Yuri Hosokawa ’16 (CAHNR) already knows her life’s mission, and it’s no small feat. The kinesiology and exercise science alumna wants to improve pre-hospital care for people at high risk of exertional heat stroke in her home country of Japan. Thanks to the knowledge she gained at UConn and her drive to make a difference, Hosokawa has the opportunity to achieve this goal much sooner than she ever expected.
In preparation for the Tokyo 2020 Summer Olympics, Hosokawa has served as a member of the Adverse Weather Impact Expert Working Group for the International Olympic Committee (IOC), and is also a key liaison between the IOC and the local Tokyo organizers.
Due to the global COVID-19 pandemic, the Olympic games originally scheduled for summer 2020 in Tokyo were postponed, and are now taking place this July and August. Hosokawa’s role on the committees is to ensure Tokyo 2020 – which still bears that name despite the postponement – follows the international standard for treating exertional heat stroke, which involves overcoming several challenges.

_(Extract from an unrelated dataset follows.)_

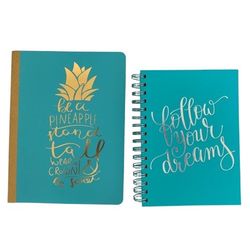 PEN & GEAR Composition Book & Spiral Dot Grid Journal Set Turquoise Gold Silver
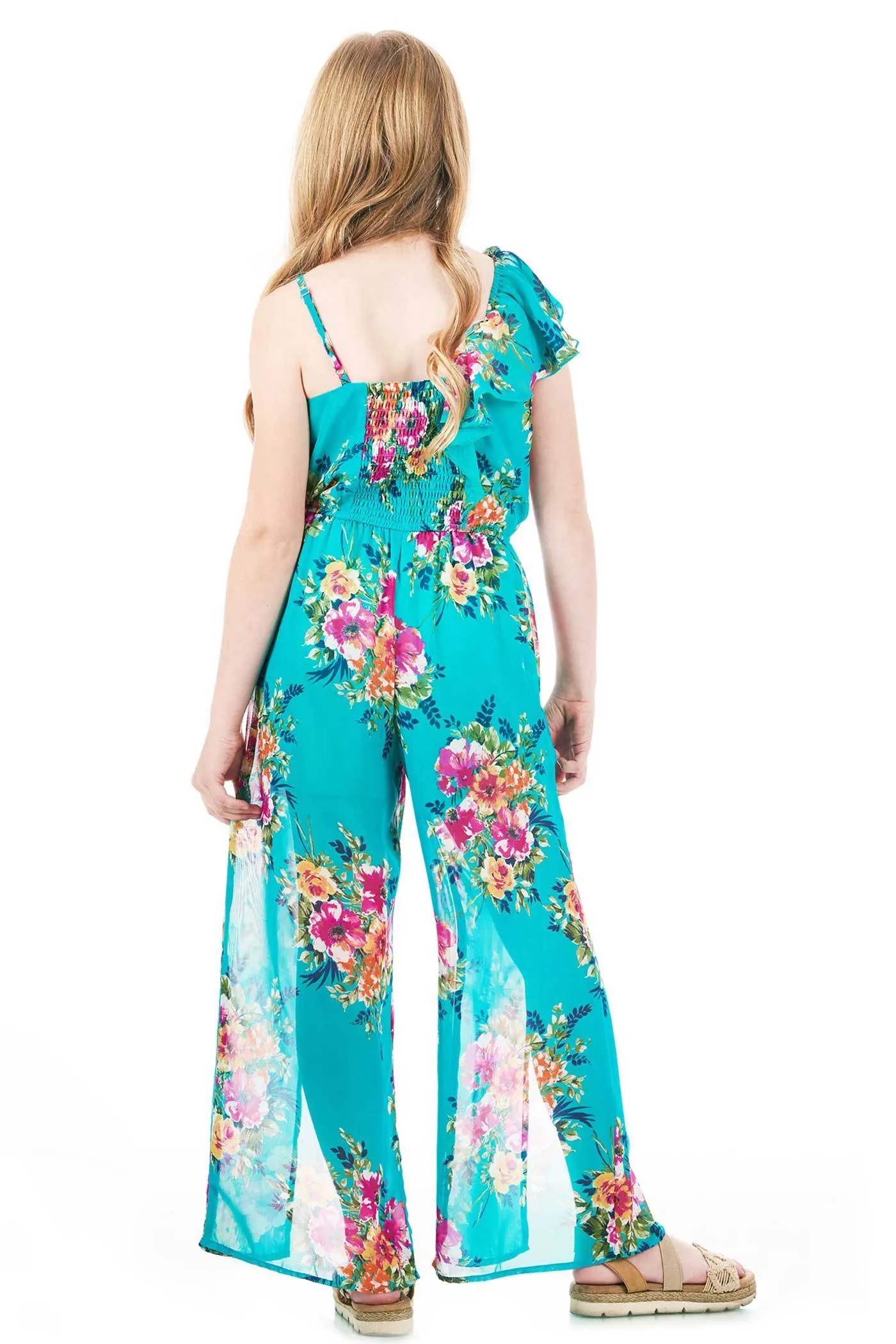 Big Girls | Tween Girls Floral Print Ruffle Jumpsuit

In Japan, athletic trainers are not licensed medical professionals. As a result, immediate, on-the-field care for athletes experiencing exertional heat stroke is very limited. Patients instead are typically transported to a hospital. The added time before cooling care begins can lead to complications or even death for the patient experiencing exertional heat stroke.
Hosokawa, who is now an associate professor in the School of Sports Sciences at Waseda University in Japan, understood this stark difference in standard care for exertional heat stroke in Japan versus the U.S. thanks to her training in America. At UConn and the Korey Stringer Institute (KSI), her professors stressed the importance of practices like quickly cooling down an athlete experiencing exertional heat stroke with ice water immersion.
“If it wasn’t for my training at UConn and KSI, I don’t think I would have gotten this opportunity,” Hosokawa says.
Kinesiology professor and CEO of the Korey Stringer Institute Douglas Casa knew Hosokawa would be an invaluable member of the International Olympic Committee team. Casa was working with the IOC to help plan ways to keep athletes safe during the games, which are expected to be the hottest in Olympic history.
“Yuri is one of the most impressive researchers I’ve ever worked with,” says Casa, who was her mentor and dissertation advisor while she was a doctoral candidate at UConn, and was also a colleague when she became the director of communication and education at KSI. “She brings a wealth of expertise to this work and a passion to make a difference for athletes in these summer games and beyond.”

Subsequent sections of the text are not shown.